Segment Open
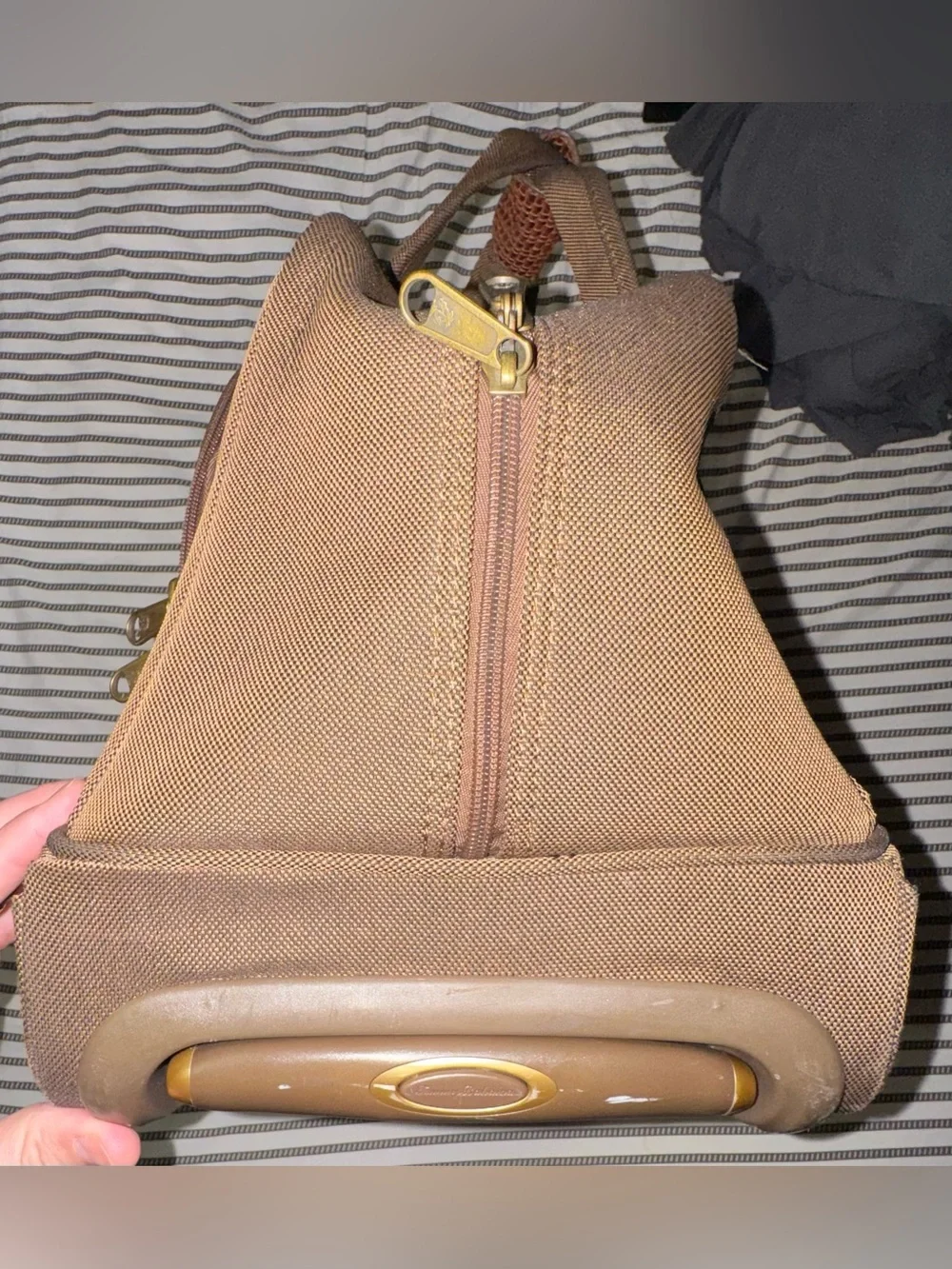 Tommy Bahama Rolling Carry On Luggage Travel Bag Suitcase
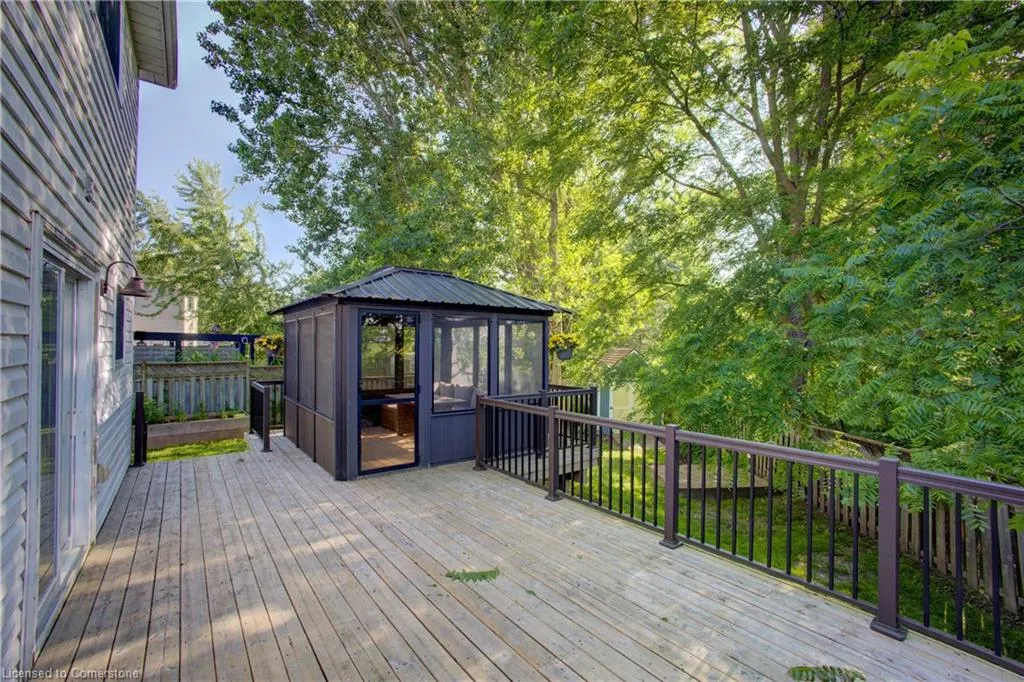 765 Woodhill Drive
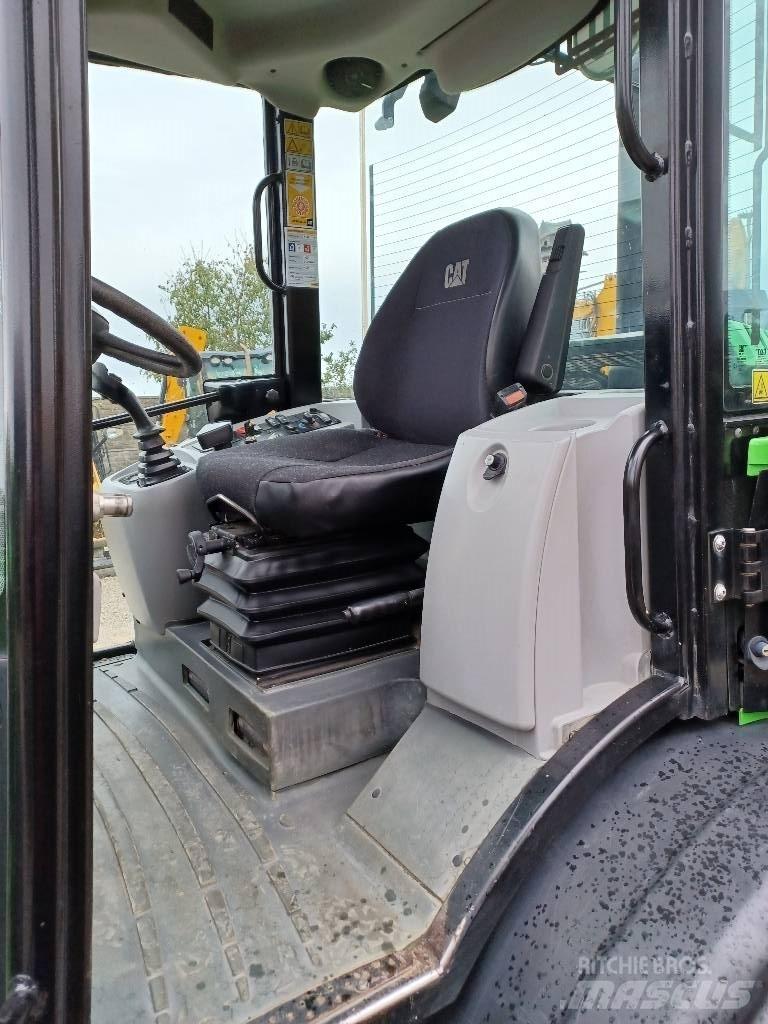 CAT 906M Колесни товарачи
Segment Closed
**Exercise instructions**:
Word for word, print the material above, but without its pictures.

**Solved exercise**:
 Tommy Bahama Rolling Carry On Luggage Travel Bag Suitcase
 765 Woodhill Drive
 CAT 906M Колесни товарачи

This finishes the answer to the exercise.